Vali Erin, “Bizlerin yetişmesinde büyük emekleri olan ve geleceğin büyük Türkiye’sinin inşasında koyacakları harcın çok büyük değeri olan hocalarımızı buradan bir kez daha saygıyla, hürmetle selamlıyorum. Tabii üniversitemizin isminin ilham kaynağı ve kuruluşunda da yine o büyük devlet adamı vizyonuyla emekleri olan merhum 9. Cumhurbaşkanımız Süleyman Demirel’i rahmetle ve şükranla anıyorum. 32 yıl boyunca üniversitemizin Türkiye'deki akademik çevrede ve uluslararası alanda isminden söz ettiren bir üniversiteye dönüşmesinde emeği olan bütün hocalarımıza, akademik kadroya, idarecilere, yöneticilere de buradan bir kez daha teşekkür ediyorum. Üniversitemizin kuruluşundan bu yana önemli bir mesafe katettiğini, önemli ulusal ve uluslararası başarılara imza attığını müşahede etmekten, Isparta’ya yeni atanan bir vali olarak burada bulunmaktan da büyük bir onur duyuyorum.

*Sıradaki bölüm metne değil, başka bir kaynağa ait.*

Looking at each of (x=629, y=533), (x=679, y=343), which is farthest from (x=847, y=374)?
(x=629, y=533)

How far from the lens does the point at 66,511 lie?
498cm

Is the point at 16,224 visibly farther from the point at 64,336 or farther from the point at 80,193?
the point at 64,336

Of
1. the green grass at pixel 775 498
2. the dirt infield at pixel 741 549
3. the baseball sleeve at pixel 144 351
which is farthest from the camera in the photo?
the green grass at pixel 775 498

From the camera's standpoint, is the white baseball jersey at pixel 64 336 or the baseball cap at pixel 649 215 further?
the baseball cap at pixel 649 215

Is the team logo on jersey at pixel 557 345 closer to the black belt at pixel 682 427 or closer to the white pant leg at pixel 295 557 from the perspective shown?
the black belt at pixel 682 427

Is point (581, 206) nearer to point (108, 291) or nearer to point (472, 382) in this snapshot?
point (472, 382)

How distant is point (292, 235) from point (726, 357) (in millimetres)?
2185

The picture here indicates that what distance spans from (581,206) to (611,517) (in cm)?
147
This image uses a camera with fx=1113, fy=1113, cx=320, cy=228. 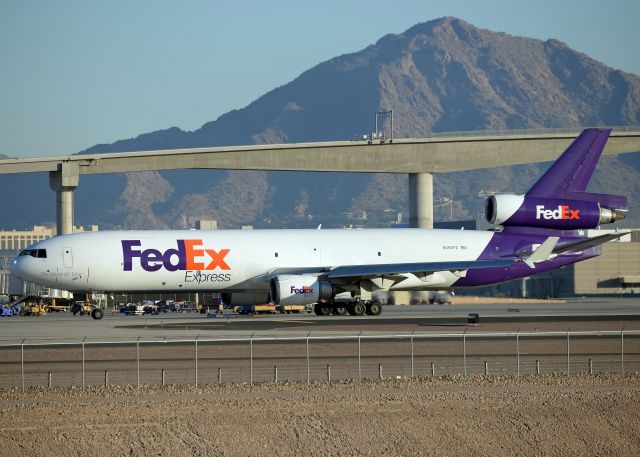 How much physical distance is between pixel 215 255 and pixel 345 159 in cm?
3565

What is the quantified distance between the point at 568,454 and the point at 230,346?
19272mm

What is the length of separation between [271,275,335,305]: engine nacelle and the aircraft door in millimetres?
11046

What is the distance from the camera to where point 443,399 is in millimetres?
28719

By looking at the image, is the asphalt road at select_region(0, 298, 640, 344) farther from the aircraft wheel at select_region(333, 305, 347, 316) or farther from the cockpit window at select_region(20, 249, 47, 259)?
the cockpit window at select_region(20, 249, 47, 259)

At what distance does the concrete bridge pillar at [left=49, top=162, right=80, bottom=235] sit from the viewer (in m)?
91.6

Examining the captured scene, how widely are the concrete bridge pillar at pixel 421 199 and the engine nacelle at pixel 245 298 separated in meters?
34.7

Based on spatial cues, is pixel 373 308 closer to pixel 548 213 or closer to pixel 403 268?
pixel 403 268

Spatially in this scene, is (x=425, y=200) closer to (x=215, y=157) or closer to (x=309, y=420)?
(x=215, y=157)

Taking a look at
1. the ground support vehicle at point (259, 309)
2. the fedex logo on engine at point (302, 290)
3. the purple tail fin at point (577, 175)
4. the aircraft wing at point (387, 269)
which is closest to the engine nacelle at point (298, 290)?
the fedex logo on engine at point (302, 290)

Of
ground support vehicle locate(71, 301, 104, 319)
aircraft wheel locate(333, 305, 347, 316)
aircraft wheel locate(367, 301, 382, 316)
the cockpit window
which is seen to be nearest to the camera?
the cockpit window

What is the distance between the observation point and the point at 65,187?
9212 centimetres

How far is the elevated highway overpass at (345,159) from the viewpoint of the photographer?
92.4 metres

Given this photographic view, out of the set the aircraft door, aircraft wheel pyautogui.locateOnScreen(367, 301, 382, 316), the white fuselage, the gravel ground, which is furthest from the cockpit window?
the gravel ground

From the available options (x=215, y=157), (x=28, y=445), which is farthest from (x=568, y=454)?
(x=215, y=157) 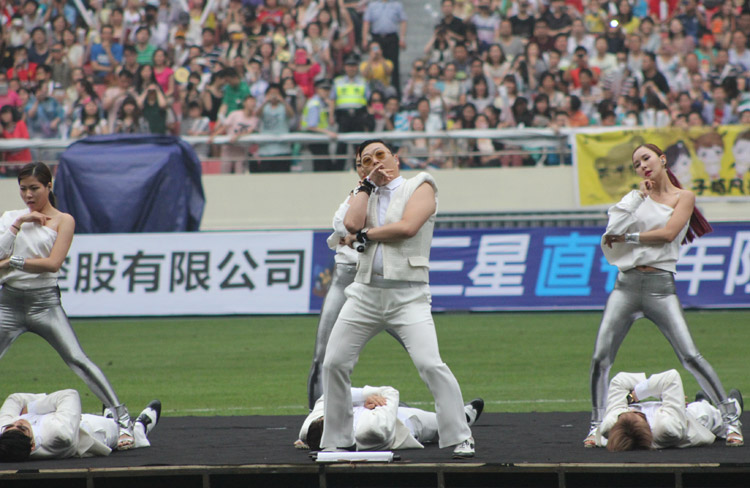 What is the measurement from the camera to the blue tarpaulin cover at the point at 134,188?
20328 mm

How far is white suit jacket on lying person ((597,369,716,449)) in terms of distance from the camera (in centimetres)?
758

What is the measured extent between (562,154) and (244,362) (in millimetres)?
9138

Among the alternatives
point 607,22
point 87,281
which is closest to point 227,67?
point 87,281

Geldiğimiz Seviye Yeterli Değil

Ancak geldiğimiz seviyenin kesinlikle yeterli olmadığını da ifade etmek ve bu konudaki düşüncelerimi de sizlerle paylaşmak istiyorum. Biz tarihe yön veren şerefli, onurlu, cihanşümul imparatorluklara imza atan büyük bir milletin varisleri ve evlatlarıyız. Ekonomik, sosyal kalkınmışlık ve zamanın teknolojik seviyesinin çok ötelerini yakalamış; ilimde, fende, teknolojide bilimin her alanında dünyaya yön vermiş ve tarihin akışını değiştirmiş büyük bir milletin evlatlarıyız. Bu anlamda da dünyaya şekil veren eğitim merkezlerini de binlerce yıl öncesinden kurmuş ve medeniyetlerin beşiği olarak kabul ettiğimiz Mezopotamya'nın ortasında Anadolu'nun en kadim en asil, en başarılı, en çalışkan, en onurlu ecdadının torunlarıyız, evlatlarıyız.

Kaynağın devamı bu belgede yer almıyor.